Inexécution de la promesse de porte-fort : paiement de dommages et intérêts

Cass. civ. 1ère, 7 mars 2018, n°15-21.244, Publié au bulletin

L’inexécution de la promesse de porte-fort ne peut être sanctionnée que par la condamnation de son auteur à des dommages-intérêts ; elle ne saurait être sanctionnée par la résolution de l’acte, quand bien même la promesse aurait été conclue dans le cadre d’une transaction.

Ce qu’il faut retenir : L’inexécution de la promesse de porte-fort ne peut être sanctionnée que par la condamnation de son auteur à des dommages-intérêts ; elle ne saurait être sanctionnée par la résolution de l’acte, quand bien même la promesse aurait été conclue dans le cadre d’une transaction.

Pour approfondir : Dans cette affaire, un protocole transactionnel a été conclu entre une société et l’un de ses salariés, en vertu duquel la société s’est engagée à payer une indemnité transactionnelle au salarié et s’est portée fort de la reprise, par le groupe auquel elle appartient, des relations contractuelles avec cet ancien salarié, exerçant à titre libéral et indépendant. En contrepartie de l’accord, le salarié a renoncé définitivement à solliciter, en exécution d’un jugement du conseil de prud’hommes, la somme que la société a été condamnée à lui verser.

Le salarié, ne s’étant vu proposer aucune mission, par aucune des sociétés du groupe entre 2003 et 2010, a invoqué l’inexécution de la promesse de porte-fort et a assigné la société en résolution de la transaction et en paiement de dommages-intérêts.

La Cour d’appel, estimant que la convention contenant une promesse de porte-fort est susceptible de résolution en cas d’inexécution totale ou partielle, a fait droit à la demande de résolution du salarié.

La Cour de cassation a néanmoins cassé l’arrêt de la Cour d’appel au visa des articles 1120 et 1184 du Code civil dans leur rédaction antérieure à celle issue de l’ordonnance n°2016-131 du 10 février 2016 estimant à cet égard :

« Qu’en statuant ainsi, alors que l’inexécution de la promesse de porte-fort ne peut être sanctionnée que par la condamnation de son auteur à des dommages-intérêts, la Cour d’appel a violé les textes susvisés ».

En statuant ainsi, la Cour de cassation a appliqué à la lettre la sanction qui était prévue par l’ancien article 1120 du Code civil, qui disposait  :

« Néanmoins, on peut se porter fort pour un tiers, en promettant le fait de celui-ci ; sauf l’indemnité contre celui qui s’est porté fort ou qui a promis de faire ratifier, si le tiers refuse de tenir l’engagement ».

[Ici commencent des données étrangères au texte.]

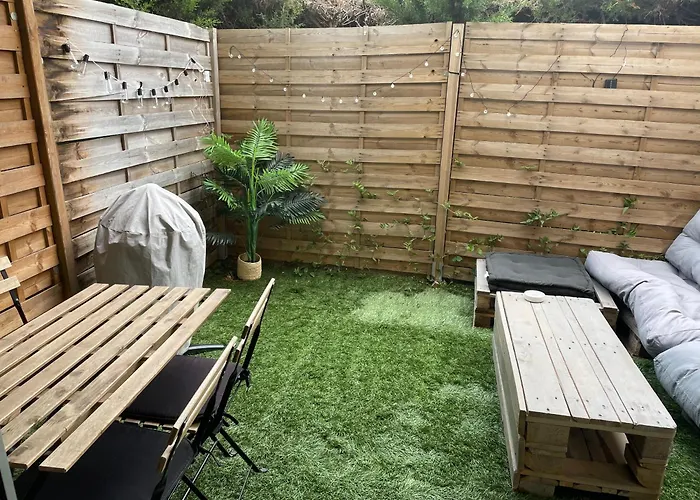 Beau Proche Mer, Gare Et Commerces Antibes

Cette solution de principe n’est pas étonnante dès lors que la règle déjà antérieurement appliquée avant l’entrée en vigueur de l’ordonnance susvisée est désormais posée de manière encore plus claire par l’article 1204, issu de l’ordonnance du 10 février 2016, dont les deux premiers alinéas disposent :

« On peut se porter fort en promettant le fait d’un tiers.

Le promettant est libéré de toute obligation si le tiers accomplit le fait promis. Dans le cas contraire, il peut être condamné à des dommages et intérêts »

Pour comprendre cette sanction, il faut admettre que l’objet de la promesse de porte-fort est d’obtenir le fait d’un tiers. Il s’agit donc d’une obligation par laquelle le porte-fort s’engage à faire en sorte que le tiers accomplisse le fait promis, quel qu’il soit. L’obligation en cause étant de résultat, alors, si le résultat promis n’a pas été atteint, la sanction découlant de cette inexécution réside dans les dommages et intérêts auxquels peut être condamné le porte-fort ou qui auront été prévus, le cas échéant, par une clause pénale.

Il convient cependant de se demander si, au cas d’espèce, le fait de faire prévaloir la logique du porte-fort sur celle de la transaction ne conduit pas à rendre une décision (illégitimement) sévère à l’encontre du bénéficiaire de la promesse.

En effet, conformément aux dispositions de l’article 2044 du Code civil, dans sa rédaction issue de la loi du 18 novembre 2016 de modernisation de la justice du XXIème siècle, la transaction repose sur des concessions réciproques, ce qui imprime un caractère synallagmatique au contrat de transaction. Or, en l’espèce, une partie de ces concessions n’avait pas été respectée par la société, ce qui pouvait justifier une éventuelle résolution judiciaire. La résolution de la transaction aurait alors permis au salarié de demander l’exécution du jugement prud’homal à laquelle il avait renoncé au titre de la transaction.